The evidence is building to support claims that switching to a cloud computing-based model is a puzzle to which Sage (SGE) does not have an answer.
The accounting and enterprise software supplier to small and medium-sized businesses has again let down investors with slowing organic growth.
In the third quarter to 30 June the FTSE 100 company reported organic revenue growth of 5.3% to £476m.
This is a huge blow to investors because it suggest things are getting worse, not better, hence the 12% share price collapse today to £717.8p.
SLOW AND GETTING SLOWER
This is a continuation of the sharp slowdown that has been plaguing Sage for the past few years.
First quarter to 31 December 2018 organic revenue growth was 7.6%, yet by the end of March the pace had eased back to 6.2%.
Running the numbers, analysts estimate that this averages out at 5.9% for the nine months to the end of June, once a few other calculations have been accounted for.
Not so long ago the company was talking about accelerating organic growth with 7% a year the target.

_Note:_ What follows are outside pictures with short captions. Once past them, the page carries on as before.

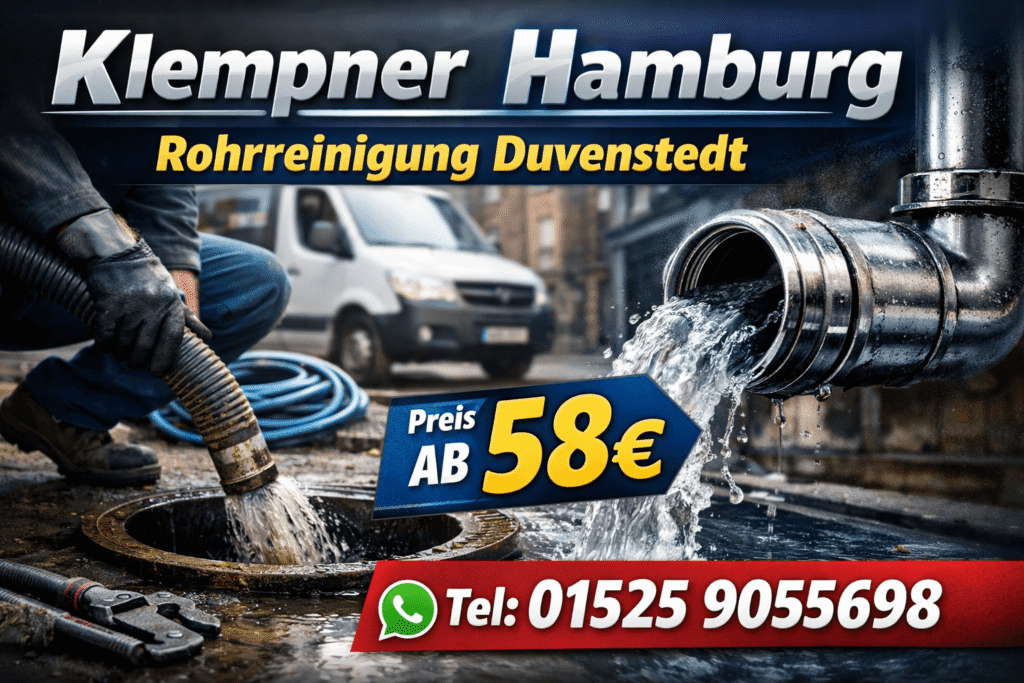 rohrreinigung duvenstedt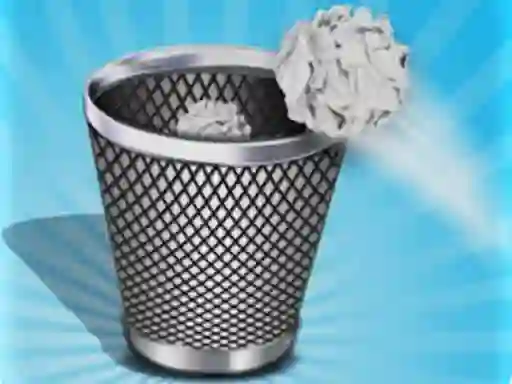Игра Trash Toss Paper Flings онлајн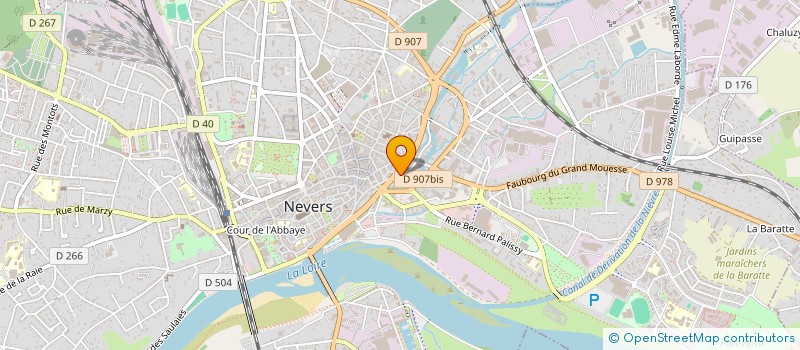 localisation de l'entreprise DP AUTO à NEVERS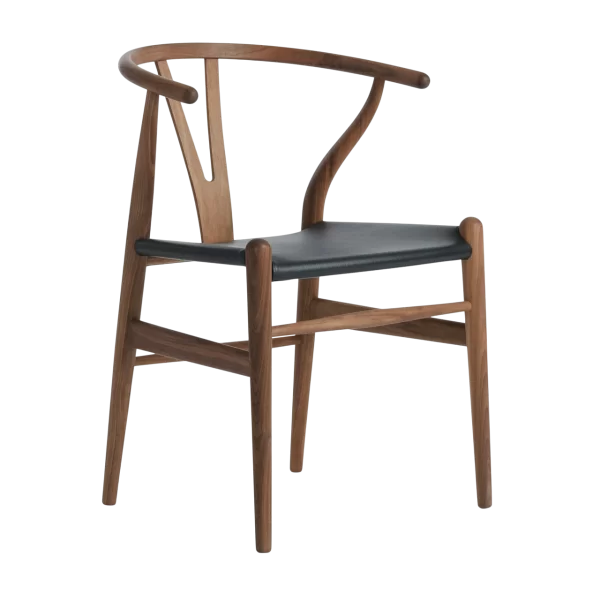 Wishbone Chair with Leather Seat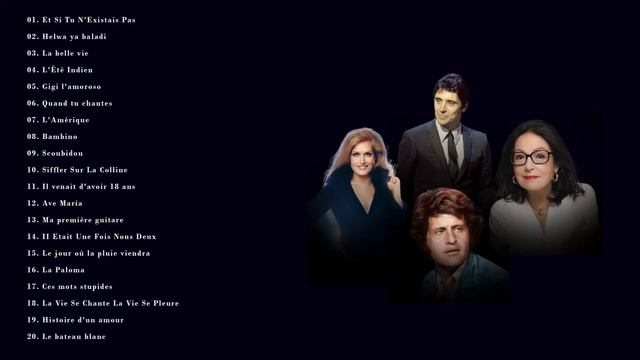 Joe Dassin,dalida,Nana Mouskouri,Sacha Distel Best Of Greatest Hits Album 2020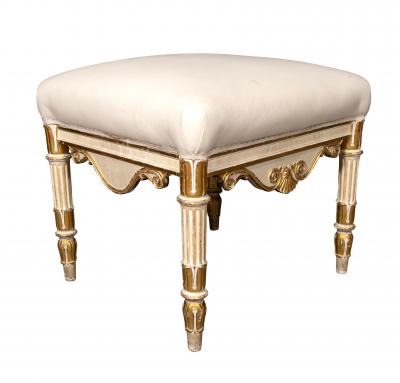 Regency Painted And Giltwood Bench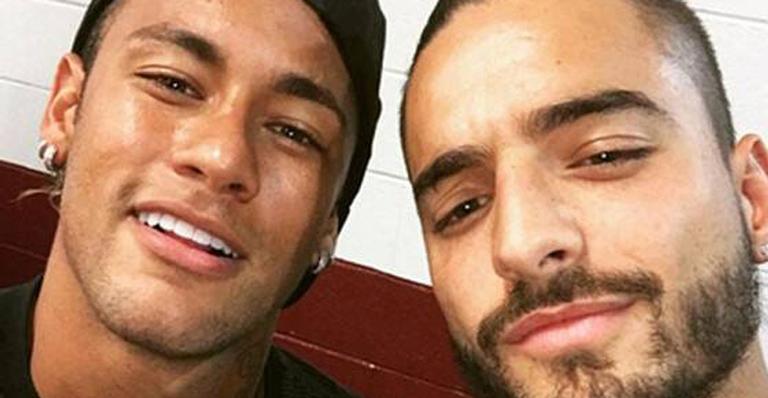 Maluma comenta ”briga” com Neymar Jr. e esclarece: ”Tudo certo”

The business also expects organic operating margins to be at the lower end of the guided 23% to 25% range. In the past margins of 27% or so were fairly typical and previous ambitions were to push this towards 30%, on a medium-term horizon.
The financial performance tells us just how fierce a competitive environment this has become - you may have seen the TV ads for Quickbooks, for example, owned by one of Sage’s chief rivals Intuit.
CLOUD CONUNDRUM
The underlying story is really about cloud adoption. Sage has been for years a reliable business built on a license sales model, where most of the contracted cash comes upfront with high margin servicing and maintenance income rolling in over the term of the contract.

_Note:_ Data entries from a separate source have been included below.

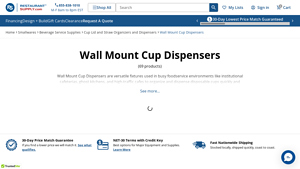 Restaurant Supply - Wall Mount Cup Dispensers
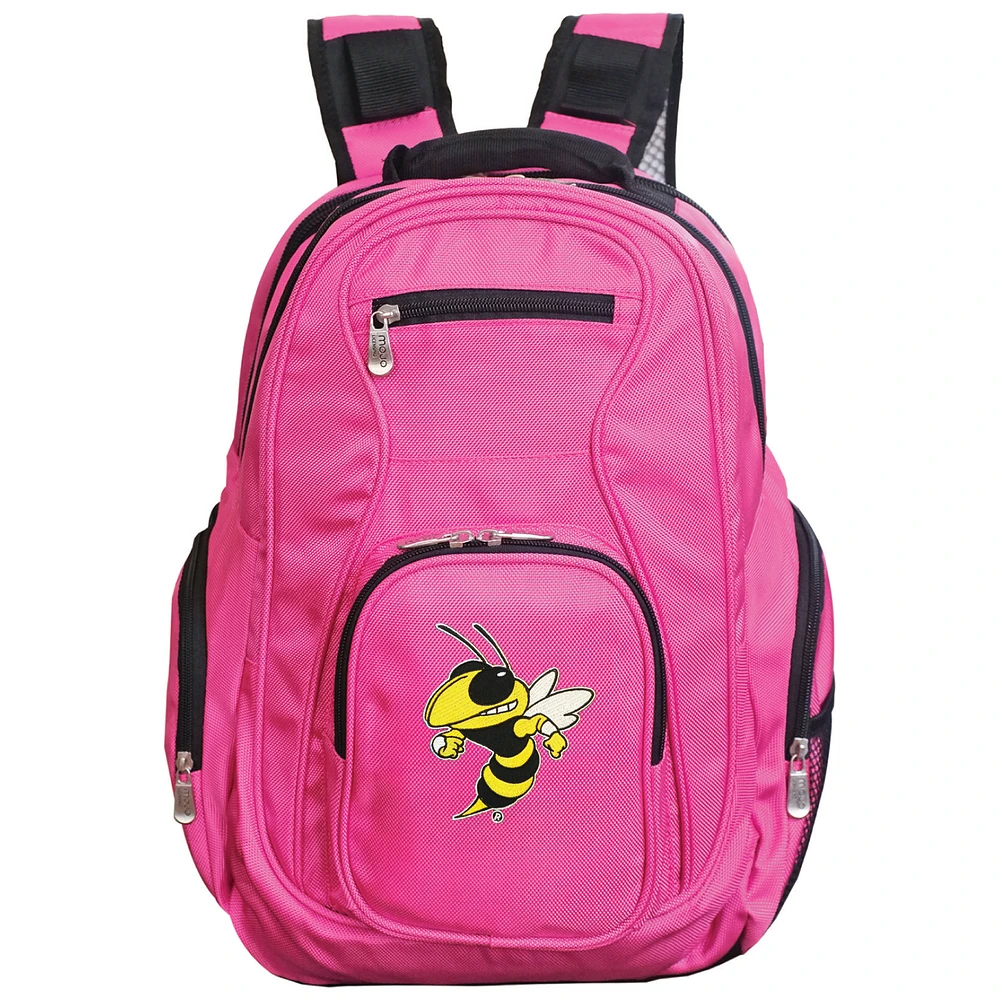 MOJO Pink GA Tech Yellow Jackets Backpack Laptop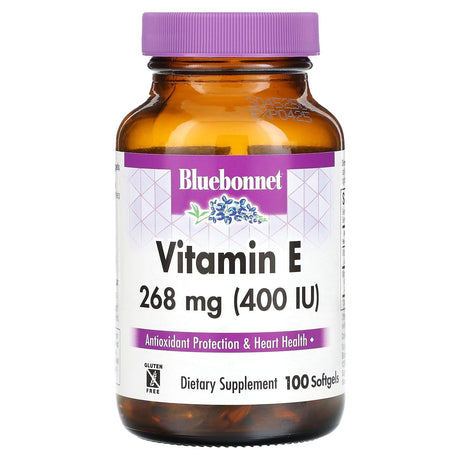 Bluebonnet Nutrition, Vitamin E, 268 mg (400 IU), 100 Softgels - Supply Center USA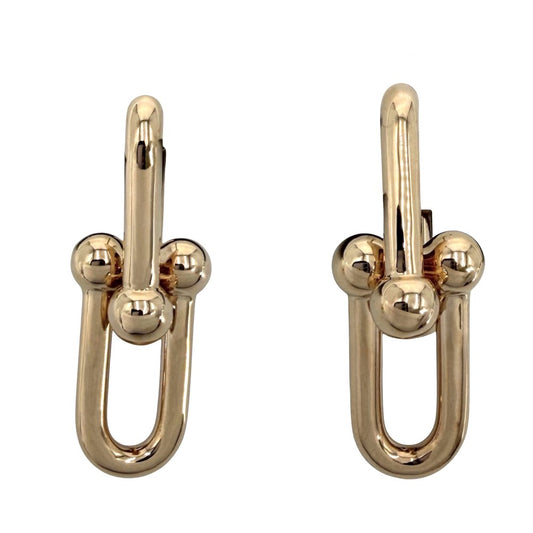 TIFFANY&Co. ティファニー ピアス ハードウェア ラージリンク ジュエリー アクセサリー Au750 18金PG K18ピンクゴールド レディース 約11.3g【中古品】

Now it finds itself being disrupted. Customers want the applications anywhere, any time and on any device that cloud delivery offers.

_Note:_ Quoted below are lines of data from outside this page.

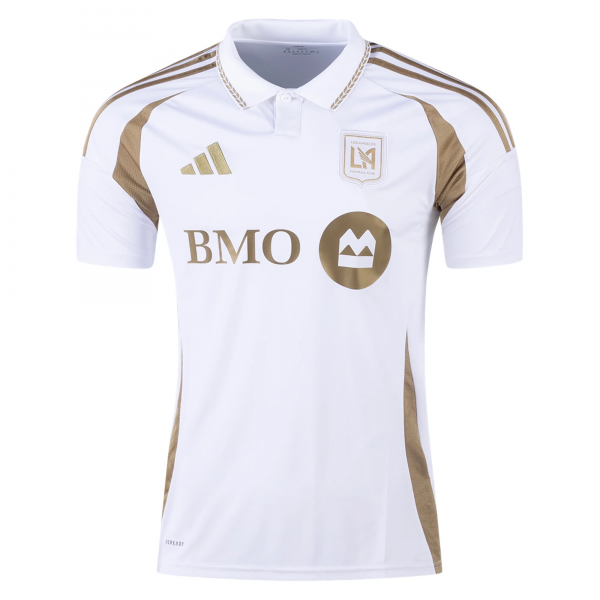 adidas Nkosi Tafari LAFC Away Jersey 25/26 (White/Gold)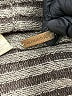 Zoe Couture Chevron-herringbone Gray Brown Wool Cardigan Size S - photo 6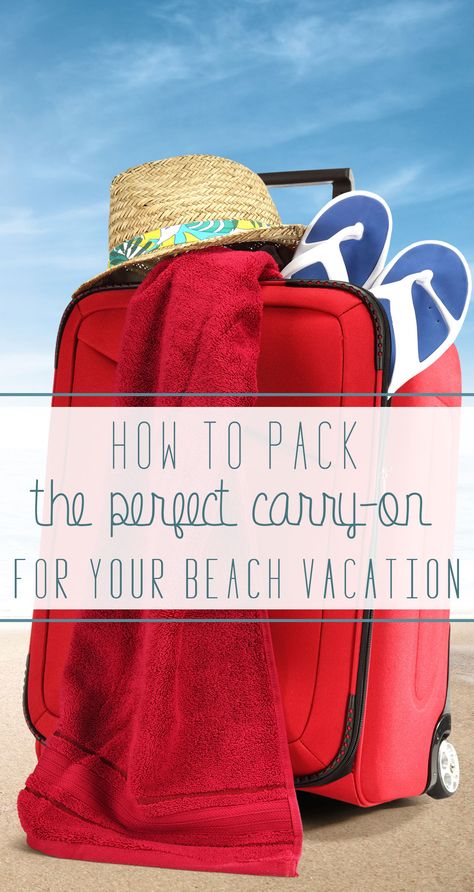 Here are some great tips and tricks for packing the perfect carry-on for your next beach vacation!! Beach Carry On Packing List, Packing Tips For Beach Vacation, Beach Vacation Carry On Only, Beach Vacation Packing List Carry On, Carry On Beach Vacation, Beach Carry On Packing, Packing For 1 Week Beach Vacation, Beach Trip Packing List 1 Week, How To Pack For Vacation 1 Week Beach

Even if users stay loyal to Sage’s own cloud suite, it typically means a big hit to upfront revenue and cash flow, and that drags growth rates down in the short-term, albeit producing a typically reliable subscriptions-based income stream over time.
READ MORE ABOUT SAGE HERE
But there are plenty of ‘born in the cloud’ rivals which have emerged that do not have this legacy problem to address.
So while being squeezed by competition from long-standing competitors like Intuit and Australia’s MYOB, Sage is also under increasing pressure from rapidly-growing start-ups like Kashflow and, in particular, Xero, the New Zealand-founded business.
Managing all of these factors must also be balanced with the needs of shareholders, both in terms of share price performance and dividend payments. That’s a huge challenge for Sage, and one it has so far failed to satisfactorily show it can handle.